## Data section
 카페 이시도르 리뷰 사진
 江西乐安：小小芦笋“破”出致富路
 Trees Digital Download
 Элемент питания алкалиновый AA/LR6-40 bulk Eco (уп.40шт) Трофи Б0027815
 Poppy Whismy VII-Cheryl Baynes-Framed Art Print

## Activity
Reproduce the material above precisely, omitting nothing.

## Answer space
 카페 이시도르 리뷰 사진
 江西乐安：小小芦笋“破”出致富路
 Trees Digital Download
 Элемент питания алкалиновый AA/LR6-40 bulk Eco (уп.40шт) Трофи Б0027815
 Poppy Whismy VII-Cheryl Baynes-Framed Art Print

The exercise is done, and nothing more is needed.